**Records for this exercise**
* * * * * * * * *

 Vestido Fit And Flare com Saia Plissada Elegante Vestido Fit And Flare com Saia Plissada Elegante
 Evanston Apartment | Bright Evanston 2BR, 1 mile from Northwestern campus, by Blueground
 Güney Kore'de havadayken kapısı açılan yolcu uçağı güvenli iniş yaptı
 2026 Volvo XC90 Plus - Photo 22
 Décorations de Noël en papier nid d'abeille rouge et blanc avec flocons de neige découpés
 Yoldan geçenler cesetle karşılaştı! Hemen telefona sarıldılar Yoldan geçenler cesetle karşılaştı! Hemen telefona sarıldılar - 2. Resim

* * * * * * * * *

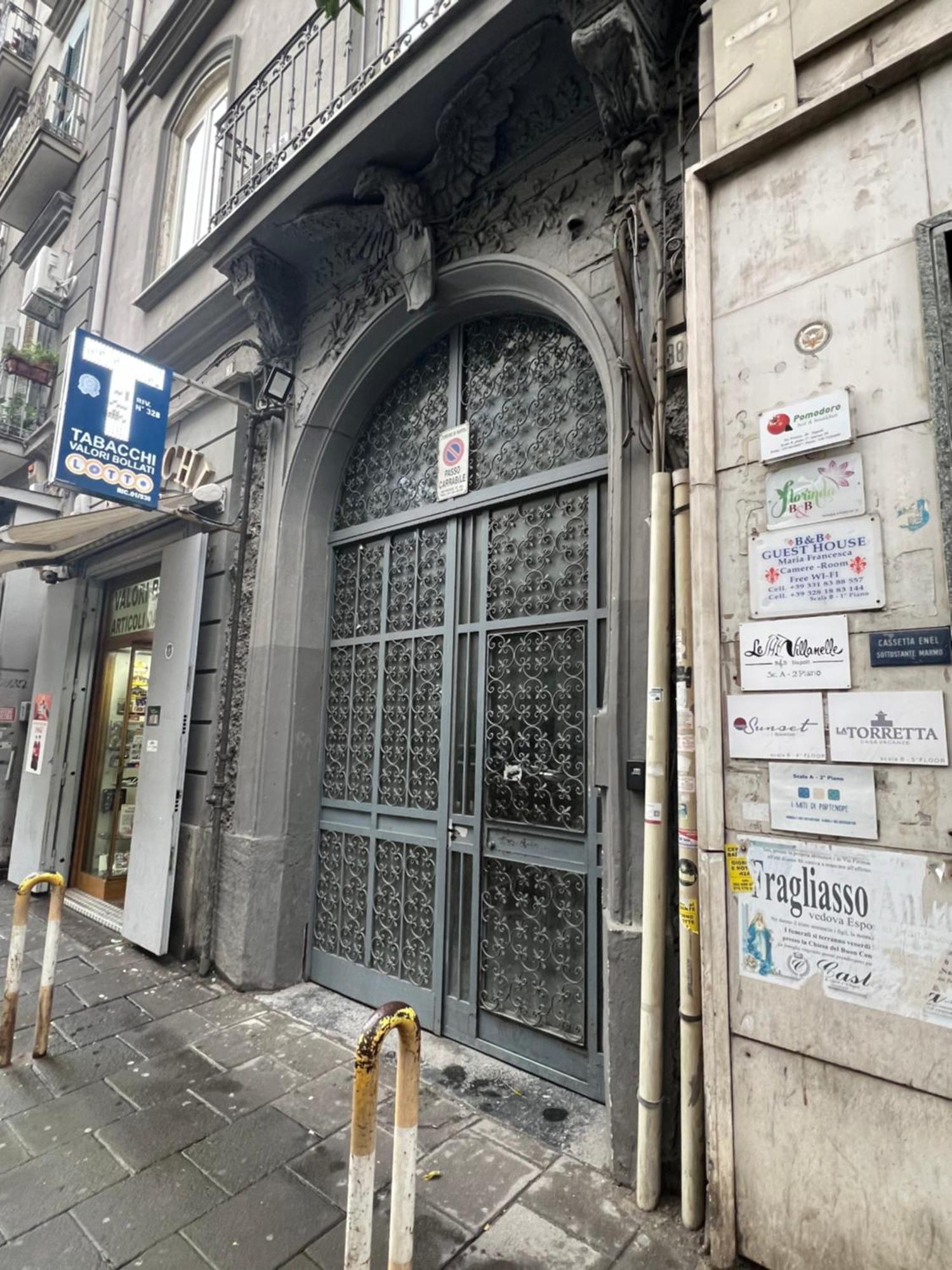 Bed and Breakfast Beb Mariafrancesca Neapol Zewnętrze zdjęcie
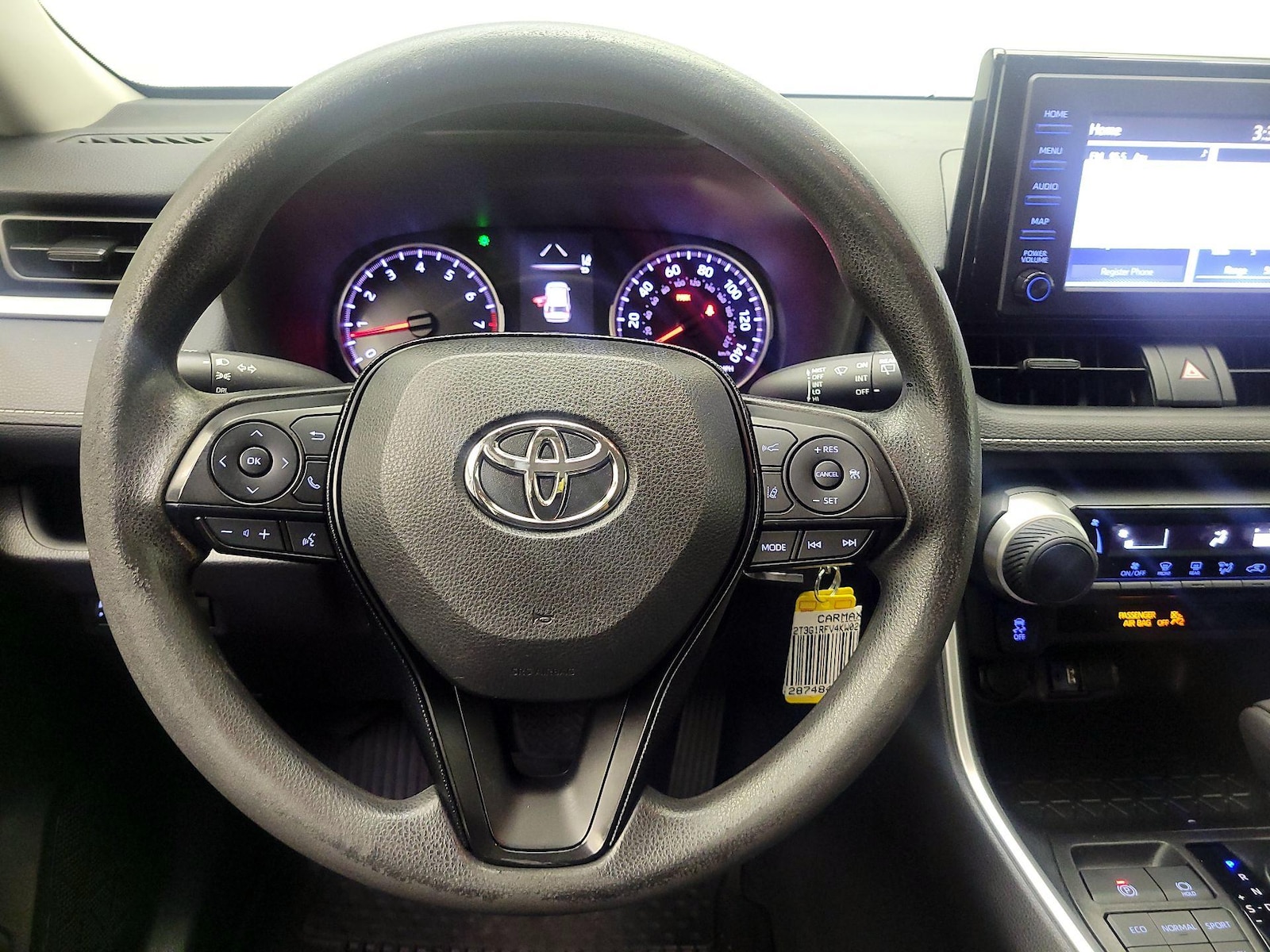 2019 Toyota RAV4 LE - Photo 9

* * * * * * * * *

**Assignment**
Give back exactly the lines above, from the line containing "Vestido Fit And Flare com Saia Plissada Elegante Vestido" through the line containing "sarıldılar - 2. Resim", with both end lines and nothing more.

**Answer box**
 Vestido Fit And Flare com Saia Plissada Elegante Vestido Fit And Flare com Saia Plissada Elegante
 Evanston Apartment | Bright Evanston 2BR, 1 mile from Northwestern campus, by Blueground
 Güney Kore'de havadayken kapısı açılan yolcu uçağı güvenli iniş yaptı
 2026 Volvo XC90 Plus - Photo 22
 Décorations de Noël en papier nid d'abeille rouge et blanc avec flocons de neige découpés
 Yoldan geçenler cesetle karşılaştı! Hemen telefona sarıldılar Yoldan geçenler cesetle karşılaştı! Hemen telefona sarıldılar - 2. Resim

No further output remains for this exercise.